Quanto all’età, ci possono essere anche casi in persone di 50 o 40 anni o meno ancora: come per i due giovani che hanno testimoniato all’incontro milanese, 19 anni il primo con un infarto a 15 legato a una mutazione di un fattore della coagulazione e 20 il secondo con un ictus a 17 per un difetto del forame, fortunatamente con completo recupero (uno studia medicina, l’altro è maestro di sci). “Se c’è un fattore genetico predisponente è importante la diagnosi precoce: occorre più ricerca di base per ottenere test sul profilo di rischio individuale, oltre che per capire i meccanismi e per la prevenzione (per esempio il fattore VII di coagulazione aumenta se si fuma e si normalizza se si smette)” afferma Zaverio M. Ruggeri dello Scripps Research Institute di La Jolla e del Comitato scientifico Alt.

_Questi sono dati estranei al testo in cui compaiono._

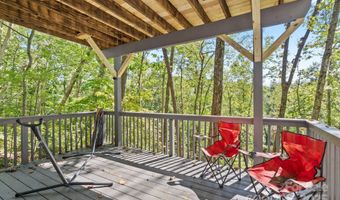 28 Foxberry Dr, Arden, NC 28704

“I tassi di mortalità cardiovascolare in Italia sono inferiori a molti altri paesi europei – questa è comunque la prima causa di mortalità e anche d’invalidità – e sono abbastanza buoni i dati sull’assistenza e l’aderenza ai trattamenti. Siamo invece al terzo posto per il sovrappeso e l’obesità infantile” informa Sergio Coccheri, ordinario di malattie cardiovascolari all’Università di Bologna e vicepresidente Alt. “L’aumento di sedentarietà, obesità, diabete, fumo specie femminile sono nostri punti deboli, a fronte di un punto di forza da esportare come la dieta mediterranea. Esemplare il caso della Finlandia, dove interventi radicali sullo stile di vita, in primis alimentare, hanno portato a dimezzare in dieci anni le malattie cardiovascolari e a ridurre fortemente la mortalità. Occorre imparare dai paesi virtuosi e per questo ci vuole un confronto e un coordinamento a livello europeo dei programmi di prevenzione, per il quale ci stiamo attivando come Alt con l’Ehn (European Heart Network)”.